|ALVIN D. ESNAULT,
JOHN SUTHERS; DONA ZAVISLAN; JEFF REVORD; SCOTT DUDEN; ROBERT FURLONG, each in their individual capacity, singularly, jointly and severally,
Plaintiff-appellant Alvin Esnault, Jr., appeals from the district court's rulings dismissing civil rights claims arising out of his termination from the religious diet program at the Sterling Correctional Facility. His complaint alleged violations of his First Amendment right to the free exercise of his religion and his Eighth Amendment right to be free of cruel and unusual punishment, and sought both injunctive relief and monetary damages. He was later allowed to amend his complaint to include claims under the Religious Land Use and Institutionalized Persons Act and a Colorado statute. Defendants filed a motion to dismiss, which the magistrate judge converted into a motion for summary judgment. After briefing, the magistrate judge issued her recommendation to dismiss all of plaintiff's claims except his injunctive claims against defendants Furlong and Zavislan. The parties were given ten days to file objections.
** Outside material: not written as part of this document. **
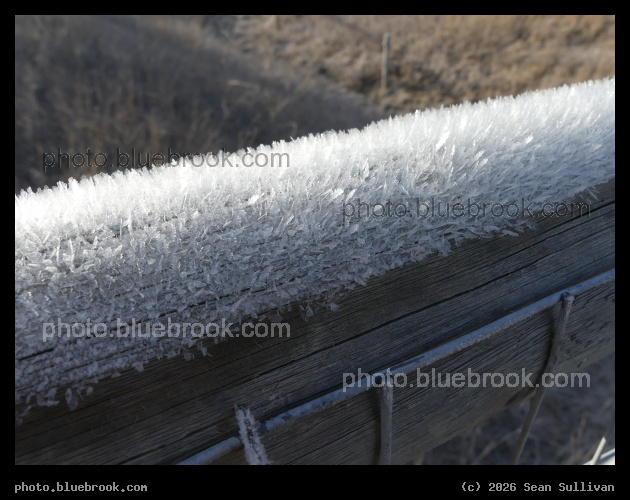 Hoarfrost on a Winter Morning - Corvallis MT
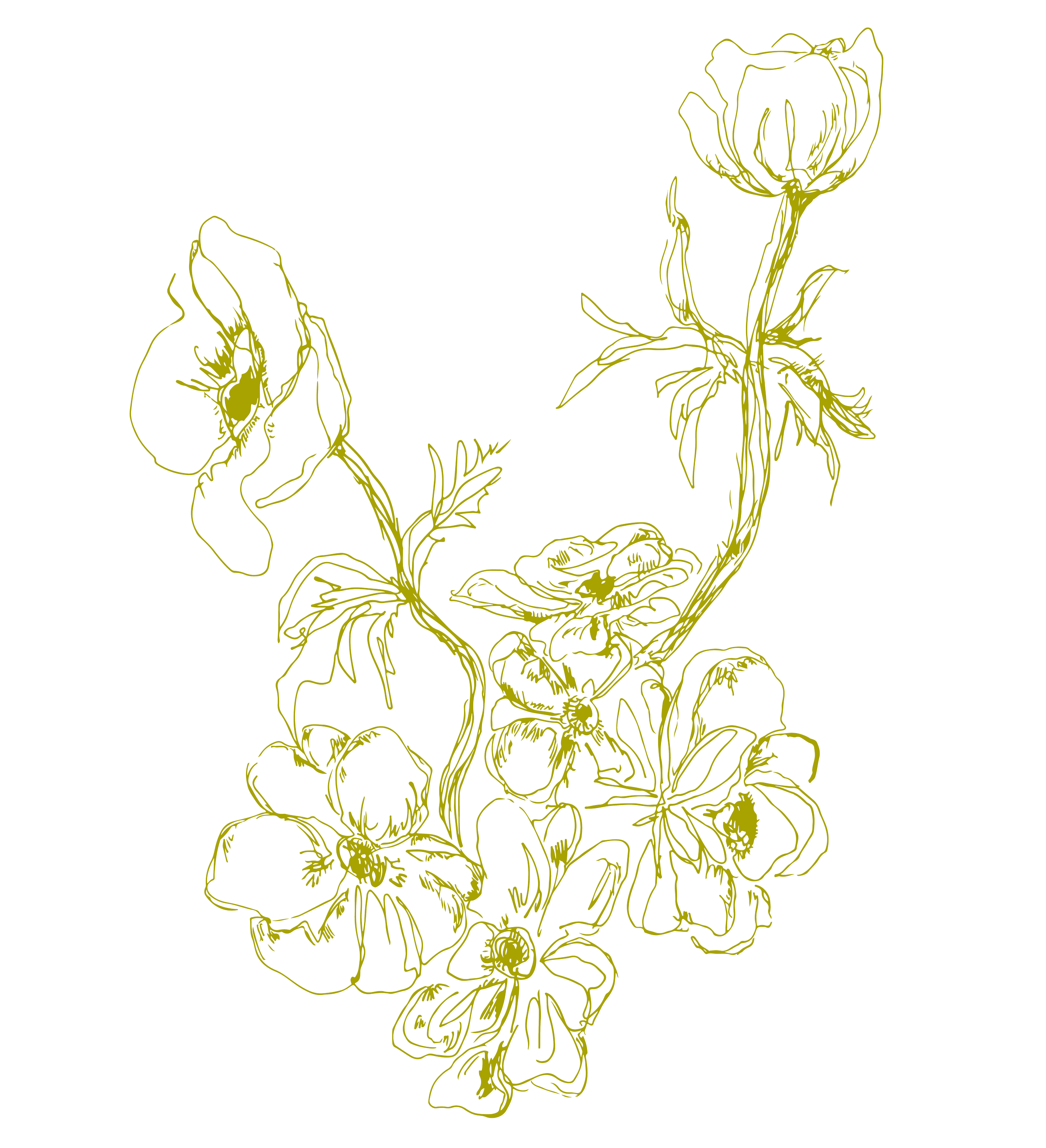 Blooming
Plaintiff failed to timely file objections to the magistrate judge's April 16, 2002, recommendation. Defendants did object within the deadline, contending that any equitable claims remaining should be dismissed as moot because plaintiff had been reinstated to the religious diet program several months earlier. On May 6, 2002, the district court issued its first order, noting plaintiff's failure to file timely objections, and dismissing all claims except the injunctive claims against defendants Furlong and Zavislan. As to these claims, the district court allowed plaintiff another ten-day period to file objections to defendants' argument that the claims should be dismissed as moot. On May 9, 2002, plaintiff filed both objections to the magistrate judge's recommendation and a response to the defendants' objections. After reviewing plaintiff's objections as to the remaining equitable claims de novo, the district court dismissed those claims on mootness grounds.
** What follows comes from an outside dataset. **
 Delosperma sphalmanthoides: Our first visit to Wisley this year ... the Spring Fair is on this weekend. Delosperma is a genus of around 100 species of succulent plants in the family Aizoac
On appeal, plaintiff challenges the district court's rulings on all of his claims. We have jurisdiction over this appeal by virtue of 28 U.S.C. § 1291. Our review, however, is limited to the district court's dismissal of plaintiff's injunctive claims against defendants Furlong and Zavislan. Because plaintiff did not timely file objections to the magistrate judge's recommendation, and because he does not demonstrate just cause for his untimeliness, he has waived appellate review of those issues and arguments. See Moore v. United States, 950 F.2d 656, 659 (10th Cir. 1991). We review de novo the district court's dismissal of plaintiff's injunctive claims as moot, "as a matter of federal jurisdiction." F.E.R. v. Valdez, 58 F.3d 1530, 1532-33 (10th Cir. 1995).
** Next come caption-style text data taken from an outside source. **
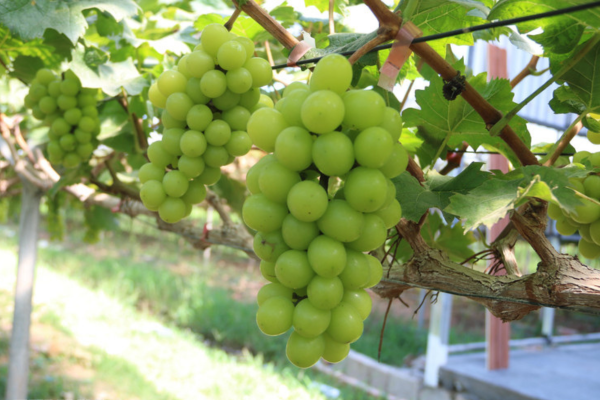 “Việt Nam có thể trở thành hình mẫu về nông nghiệp sinh thái trên thế giới”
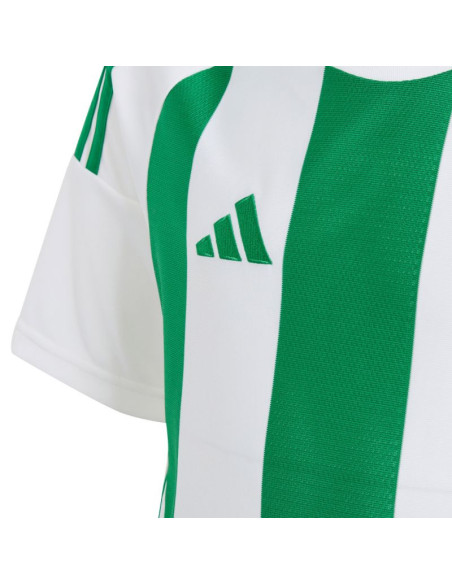 Koszulka adidas striped 24 jr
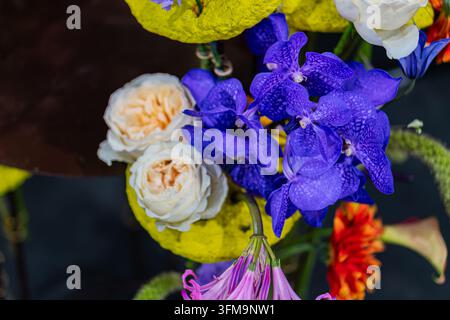 Lebendige Blumenkomposition mit blauen Orchideen und weißen Rosen, dynamische Komposition, satte Farben, elegante Studioatmosphäre, weiches Richtlicht Stockfoto
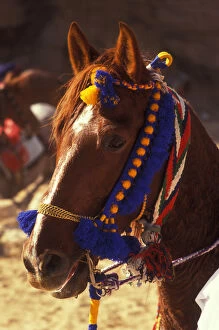 Jordan Gallery: Arabian horse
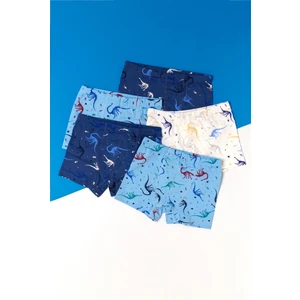 Erkek Çocuk 5'li Paket Dinazor Baskılı Boxer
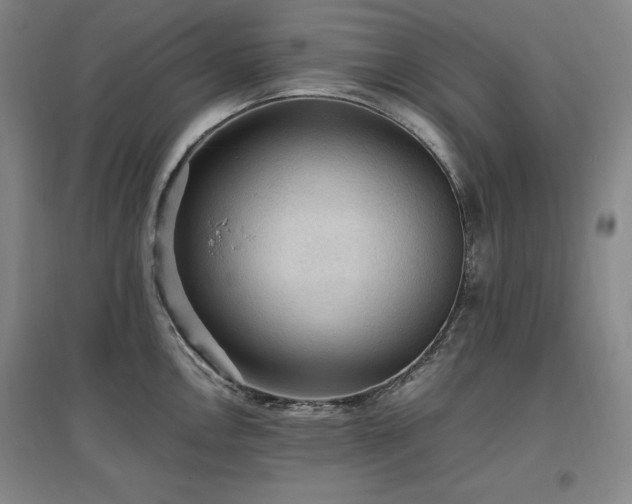 X0000097461146200802221207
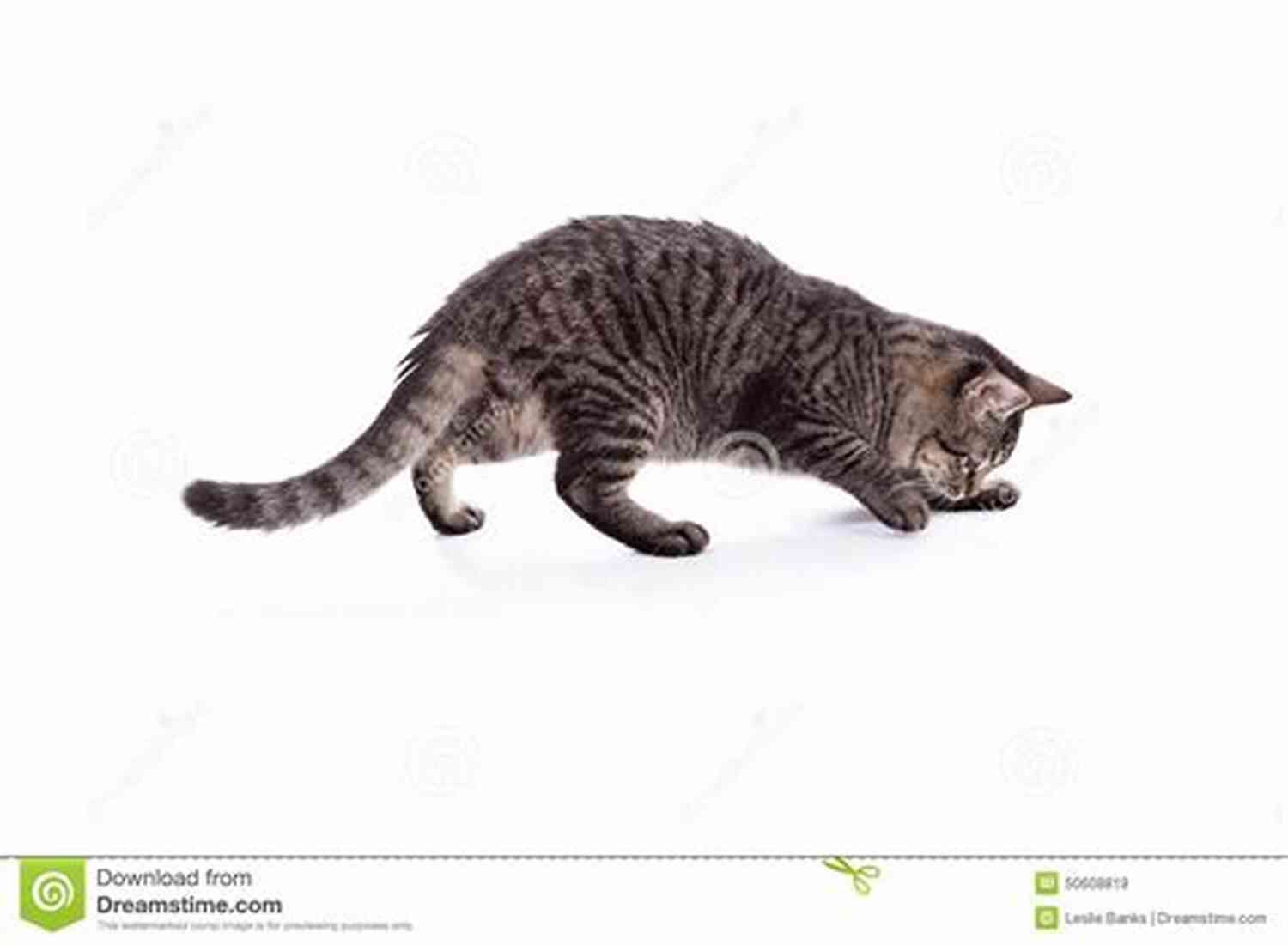 A Fluffy White Cat Pouncing On Objects Like A Ninja The Cat Did WHAT?: 75 OF The Funniest Cutest Most Amazing Cat Videos On The Internet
Plaintiff does not present arguments on the district court's ruling that his injunctive claims are moot. He does contend that the district court abused its discretion in failing to rule on his motion for injunctive relief for over a year, and requests a reimbursement of funds in connection with his suit. These arguments lack merit. Further, our de novo review of the record on appeal leads us to agree with the district court's conclusion that the injunctive claims were mooted by plaintiff's reinstatement to the religious diet program. Therefore, the district court correctly dismissed these claims. The judgment of the United States District Court for the District of Coloradois AFFIRMED.
Entered for the Court
Monroe G. McKay
*. This order and judgment is not binding precedent, except under the doctrines of law of the case, res judicata, and collateral estoppel. The court generally disfavors the citation of orders and judgments; nevertheless, an order and judgment may be cited under the terms and conditions of 10th Cir. R. 36.3.